• Records for this exercise:

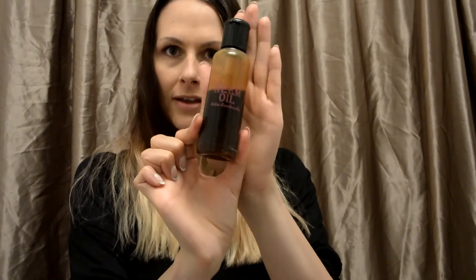Hi everybody, welcome back to Beauty for the Win. Today's video is all about neem oil. When you use neem oil as a hair mask it helps to stimulate growth, it helps with any type of dryness on your scalp. For dry broken ends, it'll really help to seal and smooth them out. Great for frizz.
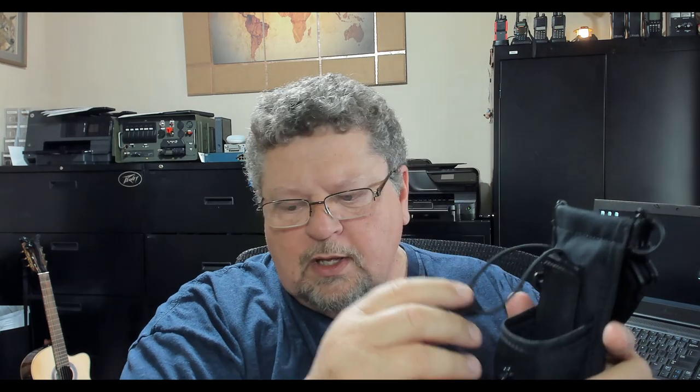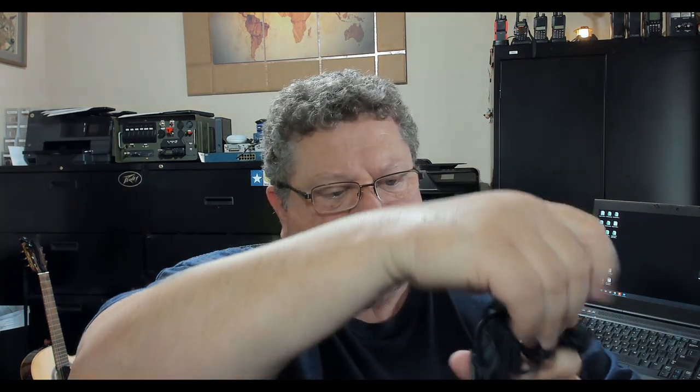It's this little device here — just a pouch with a strap. I'll show you what it looks like and how you wear it. It's got a little flapper on the front. One of the radios I typically use is the Baofeng, and you can see it works just fine. The strap is adjustable — that's about as short as I'd make it. This is the velcro strap here.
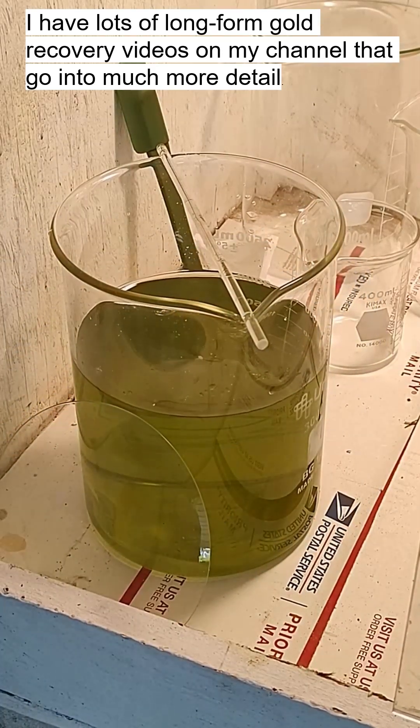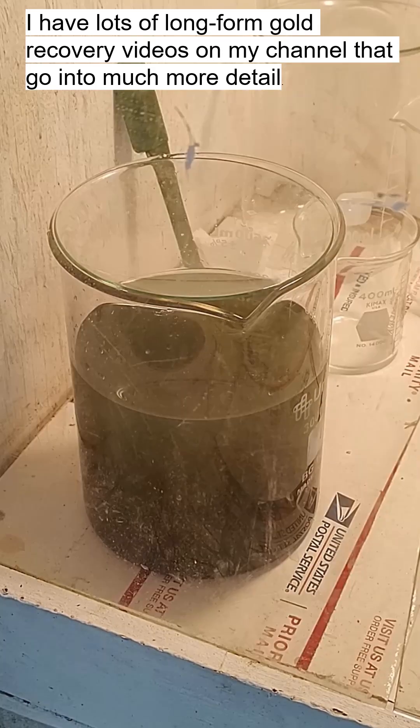There it goes. There's our color change. The gold's starting to come out of solution. We'll just let that sit and see how much gold we collect once it all settles to the bottom.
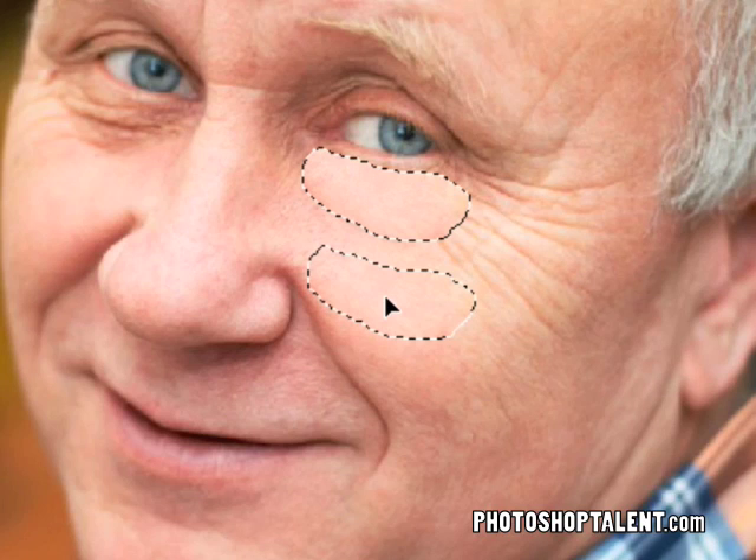We're going to head over to his right eye — or that would be his left eye, our right. And very simply, just like the lasso tool, we're going to drag out the area that we want to fix, just like so. You'll notice that we now have a selection. All we have to do now is move our mouse inside the selection, click and drag to a smooth area on his skin of probably a similar luminosity, and then let go.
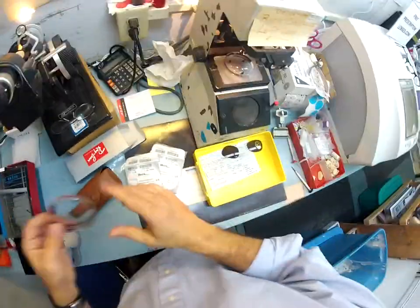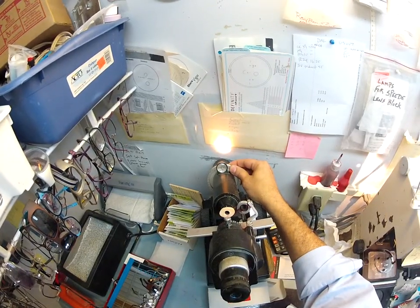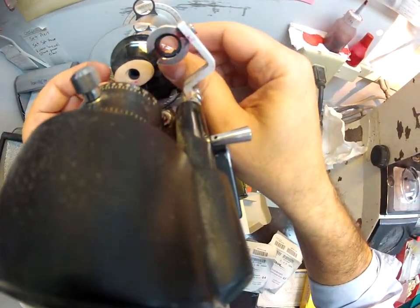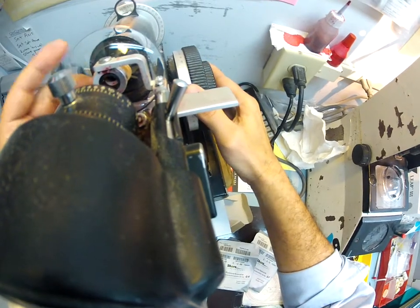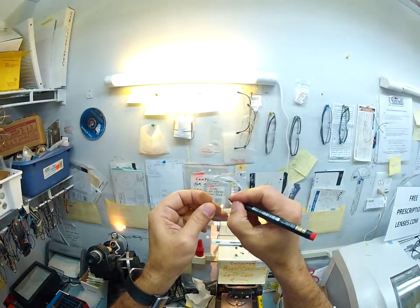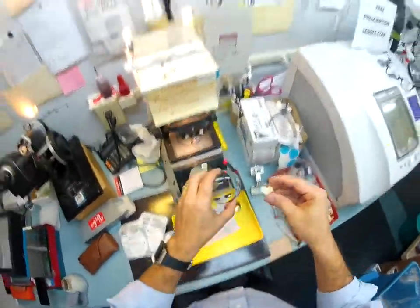Now your left lens — spin the axis wheel to 168, because your prescription is minus four and a quarter, minus one at 168. Spin the power drum to four and a quarter. I got lucky — I didn't even have to rotate the lens. Check your cross curve, your astigmatism correction — that's good. I'm dotting up the optical center of the lens; this red dot is gonna sit directly in front of your pupil.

• Brief:
Each line above should be printed again exactly, though the pictures should not be.

• Response for this exercise:
Hi everybody, welcome back to Beauty for the Win. Today's video is all about neem oil. When you use neem oil as a hair mask it helps to stimulate growth, it helps with any type of dryness on your scalp. For dry broken ends, it'll really help to seal and smooth them out. Great for frizz.
It's this little device here — just a pouch with a strap. I'll show you what it looks like and how you wear it. It's got a little flapper on the front. One of the radios I typically use is the Baofeng, and you can see it works just fine. The strap is adjustable — that's about as short as I'd make it. This is the velcro strap here.
There it goes. There's our color change. The gold's starting to come out of solution. We'll just let that sit and see how much gold we collect once it all settles to the bottom.
We're going to head over to his right eye — or that would be his left eye, our right. And very simply, just like the lasso tool, we're going to drag out the area that we want to fix, just like so. You'll notice that we now have a selection. All we have to do now is move our mouse inside the selection, click and drag to a smooth area on his skin of probably a similar luminosity, and then let go.
Now your left lens — spin the axis wheel to 168, because your prescription is minus four and a quarter, minus one at 168. Spin the power drum to four and a quarter. I got lucky — I didn't even have to rotate the lens. Check your cross curve, your astigmatism correction — that's good. I'm dotting up the optical center of the lens; this red dot is gonna sit directly in front of your pupil.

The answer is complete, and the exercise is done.